While the exhibition focuses primarily on the artist’s sculptural practice, choosing not to use the museum walls, the selection of works also highlights Nina Beier’s relationship with organic materials (burnt bread, milk, fresh vegetables, natural fibres and human wigs). “Auto” will also provide a glimpse, on different occasions (opening, Night of the Museums and closing), of Nina Beier’s longlasting relationship with performance. At the opening, one can attend a slow choreography of grey-haired people repeating the same gesture of inhaling and exhaling smoke rings (Prince, 2021). For the finale, a retired professional dancer will be invited to dance in chronological order and from memory the works spanning her career (The Complete Works, 2009). Meanwhile, during the Night of the Museums, two people will be endlessly rehearsing the yoga postures of the cow and the cat (Exercise, 2015).
To bring her works together and create a dialogue between them, Nina Beier has covered most of the floor of the nave with a white carpet, at once a scenic space, a landscape of immaculate snow, an ice rink and a blank page. This gesture, which acts as a negative of the space’s usual black floor, interests the artist in what it makes possible and impossible. As well as providing a horizontal, featureless base for the sculptures, this carpet changes the nature of the exhibition space, giving it a domestic feel.
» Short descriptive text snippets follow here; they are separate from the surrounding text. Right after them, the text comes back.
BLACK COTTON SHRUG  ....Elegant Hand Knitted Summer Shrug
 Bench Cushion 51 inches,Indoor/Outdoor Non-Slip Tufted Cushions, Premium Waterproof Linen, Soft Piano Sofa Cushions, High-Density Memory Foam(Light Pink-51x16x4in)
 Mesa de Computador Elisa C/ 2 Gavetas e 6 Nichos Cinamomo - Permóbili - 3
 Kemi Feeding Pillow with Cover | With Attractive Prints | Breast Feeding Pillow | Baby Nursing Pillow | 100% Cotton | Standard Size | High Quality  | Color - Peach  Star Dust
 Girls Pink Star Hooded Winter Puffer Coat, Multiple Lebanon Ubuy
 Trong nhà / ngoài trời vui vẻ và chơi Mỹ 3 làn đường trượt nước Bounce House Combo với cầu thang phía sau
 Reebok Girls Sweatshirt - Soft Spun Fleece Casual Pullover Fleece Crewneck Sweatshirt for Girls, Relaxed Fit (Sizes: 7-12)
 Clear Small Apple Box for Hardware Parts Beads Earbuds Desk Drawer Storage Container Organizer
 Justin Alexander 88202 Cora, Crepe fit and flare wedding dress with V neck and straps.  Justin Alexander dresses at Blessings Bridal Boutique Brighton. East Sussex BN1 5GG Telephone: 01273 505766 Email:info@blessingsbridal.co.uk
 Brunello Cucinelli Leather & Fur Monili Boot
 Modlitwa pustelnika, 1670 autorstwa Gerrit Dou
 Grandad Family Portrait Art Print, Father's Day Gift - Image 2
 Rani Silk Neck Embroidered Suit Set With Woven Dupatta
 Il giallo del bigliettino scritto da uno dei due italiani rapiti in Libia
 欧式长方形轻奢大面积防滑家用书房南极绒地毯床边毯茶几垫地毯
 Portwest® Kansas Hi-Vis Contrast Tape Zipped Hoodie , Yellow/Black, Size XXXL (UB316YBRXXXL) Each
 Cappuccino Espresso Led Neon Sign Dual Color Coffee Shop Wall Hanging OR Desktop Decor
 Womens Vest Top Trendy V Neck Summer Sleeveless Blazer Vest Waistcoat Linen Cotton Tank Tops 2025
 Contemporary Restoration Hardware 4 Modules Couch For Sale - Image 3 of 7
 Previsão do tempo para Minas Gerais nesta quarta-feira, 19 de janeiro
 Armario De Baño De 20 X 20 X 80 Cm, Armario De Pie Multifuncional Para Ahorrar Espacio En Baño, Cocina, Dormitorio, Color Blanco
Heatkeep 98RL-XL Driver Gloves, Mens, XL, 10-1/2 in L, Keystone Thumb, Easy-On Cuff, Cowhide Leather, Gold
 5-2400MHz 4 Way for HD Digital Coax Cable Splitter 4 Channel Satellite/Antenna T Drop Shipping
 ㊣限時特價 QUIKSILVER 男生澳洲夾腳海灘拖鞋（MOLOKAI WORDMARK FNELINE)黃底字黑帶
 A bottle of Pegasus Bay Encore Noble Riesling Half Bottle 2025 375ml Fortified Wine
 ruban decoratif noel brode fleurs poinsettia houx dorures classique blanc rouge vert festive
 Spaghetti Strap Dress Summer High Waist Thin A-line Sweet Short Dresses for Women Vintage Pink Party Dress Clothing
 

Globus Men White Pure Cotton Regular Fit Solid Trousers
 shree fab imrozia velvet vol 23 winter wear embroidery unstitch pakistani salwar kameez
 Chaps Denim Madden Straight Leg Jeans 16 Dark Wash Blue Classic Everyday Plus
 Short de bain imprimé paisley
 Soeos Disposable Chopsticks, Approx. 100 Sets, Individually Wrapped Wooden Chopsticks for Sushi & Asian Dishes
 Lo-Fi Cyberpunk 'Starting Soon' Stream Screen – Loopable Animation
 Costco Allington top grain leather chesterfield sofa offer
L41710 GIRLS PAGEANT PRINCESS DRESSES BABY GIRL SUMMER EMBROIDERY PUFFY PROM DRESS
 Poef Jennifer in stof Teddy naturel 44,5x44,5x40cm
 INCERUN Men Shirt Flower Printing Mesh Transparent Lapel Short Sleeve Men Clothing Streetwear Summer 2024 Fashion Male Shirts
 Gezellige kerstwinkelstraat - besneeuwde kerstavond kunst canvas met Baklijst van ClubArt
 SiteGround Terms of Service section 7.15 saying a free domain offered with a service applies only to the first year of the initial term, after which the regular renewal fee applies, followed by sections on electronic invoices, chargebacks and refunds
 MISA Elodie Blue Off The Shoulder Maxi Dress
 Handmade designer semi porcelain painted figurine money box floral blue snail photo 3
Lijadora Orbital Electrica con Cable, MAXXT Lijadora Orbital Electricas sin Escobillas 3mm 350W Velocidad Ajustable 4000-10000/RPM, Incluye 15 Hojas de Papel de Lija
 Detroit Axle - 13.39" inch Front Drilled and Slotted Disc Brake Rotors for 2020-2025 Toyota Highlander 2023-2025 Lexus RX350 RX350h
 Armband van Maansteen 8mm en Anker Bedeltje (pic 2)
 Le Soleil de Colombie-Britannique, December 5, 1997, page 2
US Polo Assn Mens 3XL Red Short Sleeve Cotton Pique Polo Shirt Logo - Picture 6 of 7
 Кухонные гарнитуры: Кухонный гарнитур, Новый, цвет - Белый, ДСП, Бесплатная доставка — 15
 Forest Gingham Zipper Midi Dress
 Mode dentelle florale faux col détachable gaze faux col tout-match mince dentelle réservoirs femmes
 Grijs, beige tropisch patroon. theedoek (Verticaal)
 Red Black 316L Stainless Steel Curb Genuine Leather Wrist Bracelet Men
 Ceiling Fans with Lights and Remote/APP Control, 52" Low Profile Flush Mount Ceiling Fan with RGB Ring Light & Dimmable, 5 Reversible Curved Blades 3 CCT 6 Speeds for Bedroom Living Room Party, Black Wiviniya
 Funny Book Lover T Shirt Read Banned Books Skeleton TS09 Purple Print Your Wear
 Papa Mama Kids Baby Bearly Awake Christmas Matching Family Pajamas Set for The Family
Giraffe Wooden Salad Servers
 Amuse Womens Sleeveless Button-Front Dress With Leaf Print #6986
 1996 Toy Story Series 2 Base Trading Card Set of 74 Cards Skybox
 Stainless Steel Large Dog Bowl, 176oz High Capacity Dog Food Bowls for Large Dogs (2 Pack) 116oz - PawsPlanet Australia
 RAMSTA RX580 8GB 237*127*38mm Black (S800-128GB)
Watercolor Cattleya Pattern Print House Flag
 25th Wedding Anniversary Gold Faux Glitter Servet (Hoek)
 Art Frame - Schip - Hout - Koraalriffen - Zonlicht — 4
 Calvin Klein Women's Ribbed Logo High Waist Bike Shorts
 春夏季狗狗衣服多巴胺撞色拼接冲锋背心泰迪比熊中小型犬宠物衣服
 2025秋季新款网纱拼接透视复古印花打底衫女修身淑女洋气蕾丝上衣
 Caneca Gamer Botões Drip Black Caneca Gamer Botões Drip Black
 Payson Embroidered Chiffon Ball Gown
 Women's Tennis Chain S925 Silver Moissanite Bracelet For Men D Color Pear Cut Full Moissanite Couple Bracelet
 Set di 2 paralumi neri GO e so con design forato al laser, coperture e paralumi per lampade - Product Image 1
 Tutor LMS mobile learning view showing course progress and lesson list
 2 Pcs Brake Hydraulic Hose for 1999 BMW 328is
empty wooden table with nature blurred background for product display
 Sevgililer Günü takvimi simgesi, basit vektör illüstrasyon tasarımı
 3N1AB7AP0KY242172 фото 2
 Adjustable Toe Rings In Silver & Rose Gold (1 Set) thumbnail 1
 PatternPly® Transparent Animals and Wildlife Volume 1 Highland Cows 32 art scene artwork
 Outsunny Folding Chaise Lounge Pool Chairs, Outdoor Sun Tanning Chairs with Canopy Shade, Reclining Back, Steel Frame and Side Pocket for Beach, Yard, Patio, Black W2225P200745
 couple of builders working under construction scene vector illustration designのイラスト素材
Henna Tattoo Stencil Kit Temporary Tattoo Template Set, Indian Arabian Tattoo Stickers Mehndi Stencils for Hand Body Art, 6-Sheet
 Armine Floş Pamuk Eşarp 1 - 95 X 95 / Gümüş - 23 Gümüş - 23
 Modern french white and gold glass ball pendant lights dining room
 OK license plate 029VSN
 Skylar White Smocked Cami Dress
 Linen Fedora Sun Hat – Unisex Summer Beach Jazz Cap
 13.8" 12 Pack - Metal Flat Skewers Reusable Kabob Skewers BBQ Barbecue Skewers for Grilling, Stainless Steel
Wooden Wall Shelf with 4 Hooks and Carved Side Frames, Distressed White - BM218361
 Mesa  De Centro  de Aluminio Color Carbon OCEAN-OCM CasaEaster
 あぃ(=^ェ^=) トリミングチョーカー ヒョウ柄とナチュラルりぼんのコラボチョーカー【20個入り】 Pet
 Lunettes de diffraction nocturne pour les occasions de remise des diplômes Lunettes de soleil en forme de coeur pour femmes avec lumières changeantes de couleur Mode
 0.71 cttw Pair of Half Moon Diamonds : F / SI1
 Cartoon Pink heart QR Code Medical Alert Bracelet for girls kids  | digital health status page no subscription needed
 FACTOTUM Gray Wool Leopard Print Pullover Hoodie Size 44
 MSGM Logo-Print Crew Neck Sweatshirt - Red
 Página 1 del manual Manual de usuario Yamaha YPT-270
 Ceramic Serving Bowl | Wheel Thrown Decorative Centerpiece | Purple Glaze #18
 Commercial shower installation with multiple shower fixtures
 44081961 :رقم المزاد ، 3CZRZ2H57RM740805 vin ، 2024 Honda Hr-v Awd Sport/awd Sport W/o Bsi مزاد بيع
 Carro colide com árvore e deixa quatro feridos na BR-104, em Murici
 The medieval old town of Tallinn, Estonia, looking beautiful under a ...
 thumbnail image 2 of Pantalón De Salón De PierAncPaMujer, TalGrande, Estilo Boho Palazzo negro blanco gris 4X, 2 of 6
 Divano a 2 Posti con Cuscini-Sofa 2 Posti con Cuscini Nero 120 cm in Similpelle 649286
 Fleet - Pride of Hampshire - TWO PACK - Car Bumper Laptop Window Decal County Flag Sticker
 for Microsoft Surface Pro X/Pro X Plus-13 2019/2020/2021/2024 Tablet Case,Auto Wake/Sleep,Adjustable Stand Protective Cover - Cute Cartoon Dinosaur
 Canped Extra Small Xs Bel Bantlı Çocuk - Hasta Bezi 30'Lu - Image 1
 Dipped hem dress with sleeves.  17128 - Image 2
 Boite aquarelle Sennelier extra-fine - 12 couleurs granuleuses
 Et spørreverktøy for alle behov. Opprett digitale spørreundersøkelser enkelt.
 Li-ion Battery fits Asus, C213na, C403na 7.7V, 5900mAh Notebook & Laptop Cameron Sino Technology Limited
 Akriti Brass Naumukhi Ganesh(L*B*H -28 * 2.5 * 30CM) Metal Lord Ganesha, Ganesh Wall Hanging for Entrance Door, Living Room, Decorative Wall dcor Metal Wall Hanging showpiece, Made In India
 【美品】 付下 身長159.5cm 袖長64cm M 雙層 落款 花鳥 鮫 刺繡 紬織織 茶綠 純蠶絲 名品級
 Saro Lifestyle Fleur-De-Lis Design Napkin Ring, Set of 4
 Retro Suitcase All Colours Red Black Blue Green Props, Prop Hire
“Auto”, the title of the exhibition borrowed from one of the artist’s works, evokes the idea of motorised vehicles, automata and an entire robotic imagination, but could also refer to the self-taught (autodidactict) and autobiographical. These are two terms that could lead us to think about the nature of Nina Beier’s gestures as a sculptor, and which also make it possible to think of the retrospective as a form of self-writing. Speeking about the world, the artist says she manipulates the objects to make their biographies palpable. Behind the formal games, Nina Beier’s practice is first and foremost an art of storytelling, one that enables things to speak for themselves directly to us.